Jindal notes that mindfulness is a practice, so “residential training or longer workshops where leaders can practice the techniques to center themselves” are the best way to train it. Workshops should include “scenarios that might trigger a reactive response” and enable leaders to practice alternative responses. For mindfulness novices, she recommends slowly introducing mindfulness concepts over a longer period of time.
Cooke recommends a mix of instruction, practice, feedback and peer-to-peer coaching, and Mohr says that there is no one-size-fits-all model for mindful leadership training. The best way to develop mindfulness habits is practice, she says, echoing Jindal when she adds that “a one-time learning event is not likely to produce long-term results that will change behaviors in the workplace.”
YOL uses a unique approach to help organizations develop mindful leaders. It began as a retreat company and now offers corporate training that “combines thematic activities with mindfulness-based service engagement or volunteering,” according to Cherner. They offer training to both executives and emerging leaders, as well as teams.

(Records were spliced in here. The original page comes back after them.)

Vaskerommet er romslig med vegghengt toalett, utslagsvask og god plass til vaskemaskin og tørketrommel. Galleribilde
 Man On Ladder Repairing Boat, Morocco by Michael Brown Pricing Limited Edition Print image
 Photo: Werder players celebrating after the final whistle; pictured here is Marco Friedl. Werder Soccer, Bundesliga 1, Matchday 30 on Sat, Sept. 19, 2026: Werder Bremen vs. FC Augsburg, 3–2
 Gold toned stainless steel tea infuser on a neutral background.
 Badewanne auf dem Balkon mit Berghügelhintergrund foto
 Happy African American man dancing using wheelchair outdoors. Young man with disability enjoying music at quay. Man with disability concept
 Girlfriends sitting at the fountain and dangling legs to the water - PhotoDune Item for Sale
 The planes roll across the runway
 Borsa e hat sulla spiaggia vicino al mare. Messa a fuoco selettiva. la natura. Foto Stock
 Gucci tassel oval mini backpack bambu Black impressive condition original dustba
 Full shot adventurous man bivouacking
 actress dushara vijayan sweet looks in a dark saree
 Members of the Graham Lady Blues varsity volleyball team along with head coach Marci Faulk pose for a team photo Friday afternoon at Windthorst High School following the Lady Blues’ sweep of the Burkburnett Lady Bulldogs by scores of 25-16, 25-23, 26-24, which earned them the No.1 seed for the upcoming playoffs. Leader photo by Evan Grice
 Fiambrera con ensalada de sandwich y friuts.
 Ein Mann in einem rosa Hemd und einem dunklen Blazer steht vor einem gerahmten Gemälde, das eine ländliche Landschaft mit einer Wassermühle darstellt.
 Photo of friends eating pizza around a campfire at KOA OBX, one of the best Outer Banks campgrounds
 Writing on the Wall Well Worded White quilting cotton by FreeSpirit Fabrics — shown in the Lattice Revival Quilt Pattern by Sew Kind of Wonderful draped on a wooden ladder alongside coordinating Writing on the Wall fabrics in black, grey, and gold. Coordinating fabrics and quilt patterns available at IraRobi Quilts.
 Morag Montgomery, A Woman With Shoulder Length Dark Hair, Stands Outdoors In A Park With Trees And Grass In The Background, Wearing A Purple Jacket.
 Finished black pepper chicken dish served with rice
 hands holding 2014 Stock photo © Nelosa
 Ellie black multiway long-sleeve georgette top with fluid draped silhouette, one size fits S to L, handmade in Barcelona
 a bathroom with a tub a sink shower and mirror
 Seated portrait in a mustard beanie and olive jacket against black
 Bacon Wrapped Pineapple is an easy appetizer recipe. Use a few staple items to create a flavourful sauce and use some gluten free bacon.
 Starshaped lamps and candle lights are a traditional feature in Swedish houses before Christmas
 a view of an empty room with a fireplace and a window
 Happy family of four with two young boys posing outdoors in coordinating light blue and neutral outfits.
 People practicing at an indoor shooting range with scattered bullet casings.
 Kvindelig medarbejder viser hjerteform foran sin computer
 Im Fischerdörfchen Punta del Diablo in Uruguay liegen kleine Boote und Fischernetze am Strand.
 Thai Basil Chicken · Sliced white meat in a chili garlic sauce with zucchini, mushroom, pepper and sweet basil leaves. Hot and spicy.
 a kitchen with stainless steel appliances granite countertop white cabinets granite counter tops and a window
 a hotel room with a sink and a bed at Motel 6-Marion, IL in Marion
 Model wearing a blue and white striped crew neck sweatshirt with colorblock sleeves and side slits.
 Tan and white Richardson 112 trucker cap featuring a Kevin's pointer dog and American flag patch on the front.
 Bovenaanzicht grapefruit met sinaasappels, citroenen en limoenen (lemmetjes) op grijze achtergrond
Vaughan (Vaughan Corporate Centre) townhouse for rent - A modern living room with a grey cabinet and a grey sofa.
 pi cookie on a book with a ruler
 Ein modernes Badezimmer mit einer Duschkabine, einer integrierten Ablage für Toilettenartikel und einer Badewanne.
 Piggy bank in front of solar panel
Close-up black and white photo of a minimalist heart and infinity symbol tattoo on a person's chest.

Self-directed learning can also be an effective way to learn mindfulness skills, says Smith, and it can also fit better in a busy leader’s schedule. Find online courses “that include both didactic and experiential components,” and encourage the use of apps and master classes.
Ultimately, says Johnson, the most important part of mindful leadership “is actually the practice of mindfulness. And oftentimes, when people think about mindfulness, they think of meditation and time on the meditation cushion. And while that’s valuable and necessary for some people, mindfulness is something that can be practiced on the cushion, but it’s really practiced for use in everyday life.”
Similarly, Carey says, encourage leaders to adopt a daily mindfulness practice that works for them — anything from running or swimming to playing an instrument or journaling — and to reflect at the end of each day will help them develop the mindfulness that helps them attend to and care for each person who works for them. “That is the hallmark of a truly successful person,” she adds.